==== Dataset content
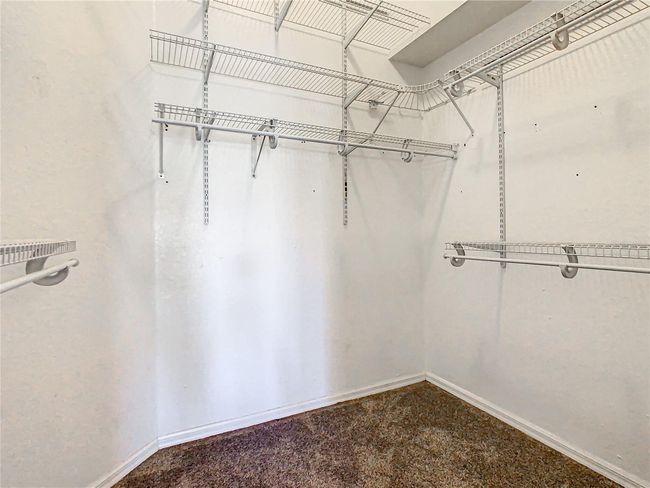 Walk in closet in master bedroom | Image 54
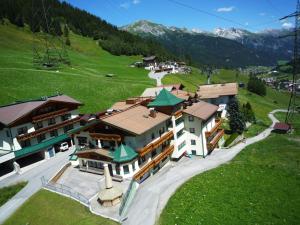 een bovenaanzicht van een gebouw in een groen veld bij Hotel Garni - Restaurant Kaminstube in Sankt Anton am Arlberg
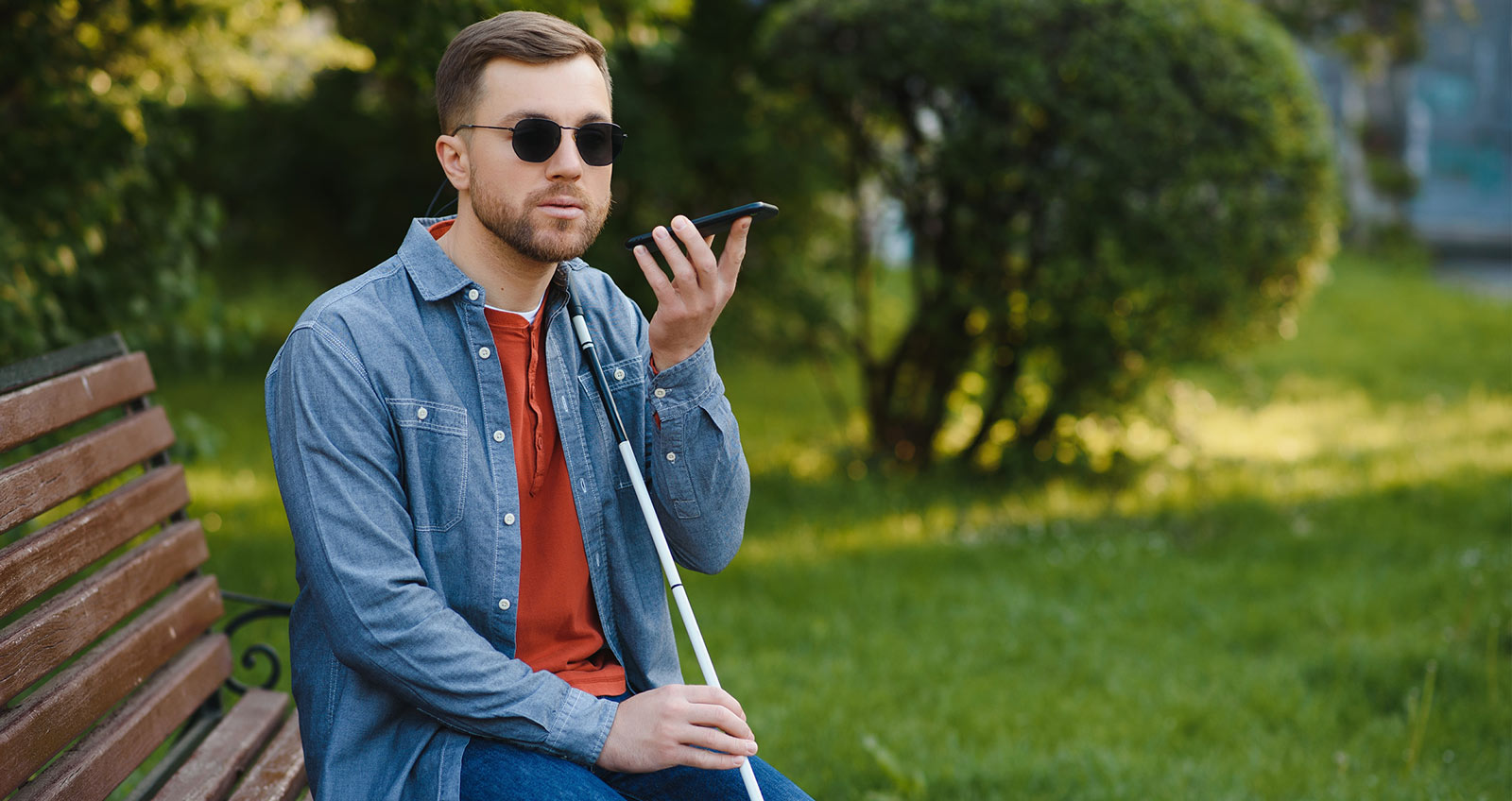 Ein junger Mann mit Langstock und schwarzer Brille spricht in ein Smartphone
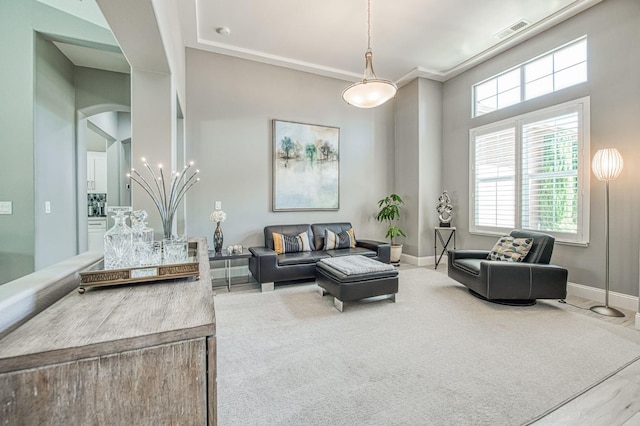 3081 Serena Ave, Clovis, CA 93619 - living room with arched walkways, healthy amount of natural light, and baseboards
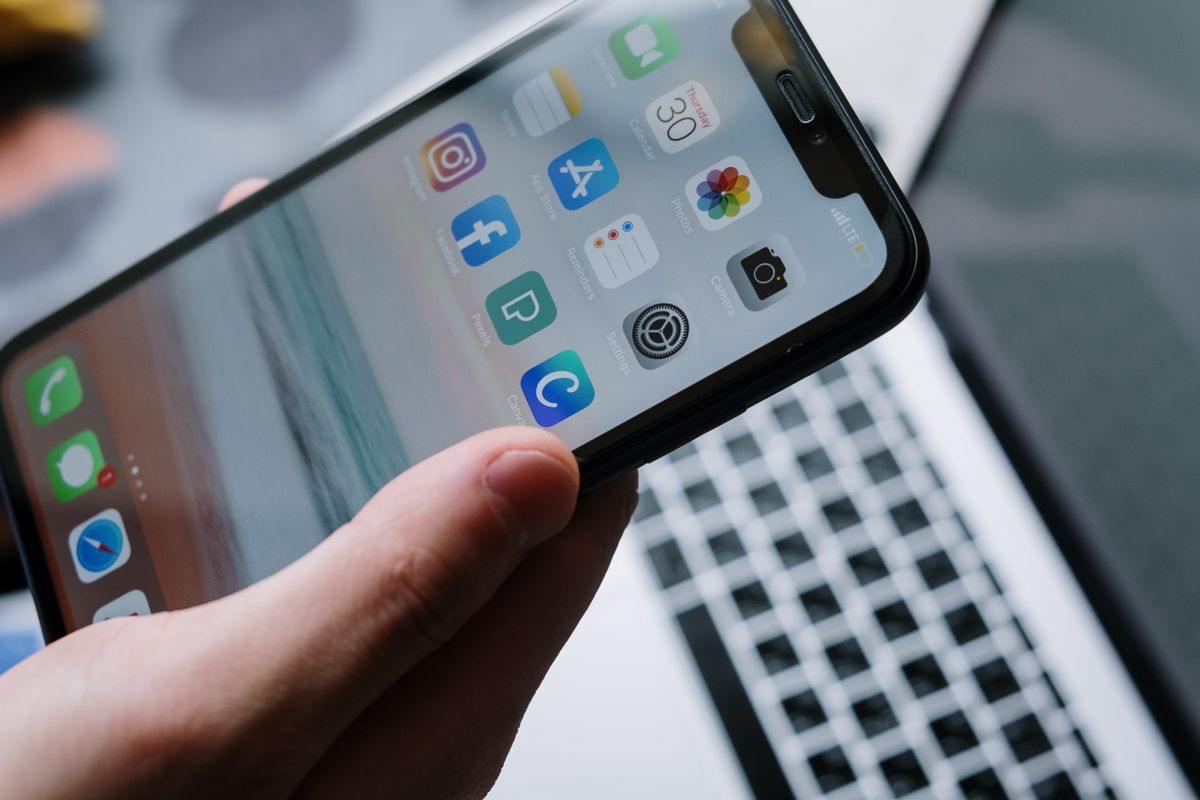 Smartphone with app icons in front of a laptop
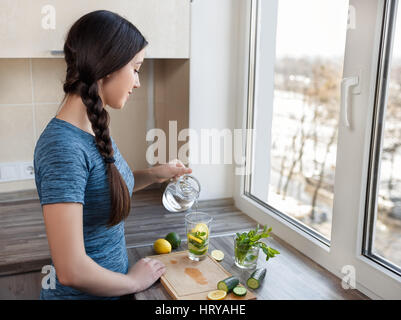 girl preparing detox water with cucumber, mint and lemon at home kitchen. Healthy drink. Weight loss dieting  concept. Process of preparing energy bev Stock Photo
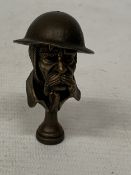 A BRONZE 'OLD BILL PIPE TAMPER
========
== Problem details ==
Each entry above is to be duplicated exactly, and its pictures omitted.

== Answer ==
 Walk in closet in master bedroom | Image 54
 een bovenaanzicht van een gebouw in een groen veld bij Hotel Garni - Restaurant Kaminstube in Sankt Anton am Arlberg
 Ein junger Mann mit Langstock und schwarzer Brille spricht in ein Smartphone
 3081 Serena Ave, Clovis, CA 93619 - living room with arched walkways, healthy amount of natural light, and baseboards
 Smartphone with app icons in front of a laptop
 girl preparing detox water with cucumber, mint and lemon at home kitchen. Healthy drink. Weight loss dieting  concept. Process of preparing energy bev Stock Photo
 A BRONZE 'OLD BILL PIPE TAMPER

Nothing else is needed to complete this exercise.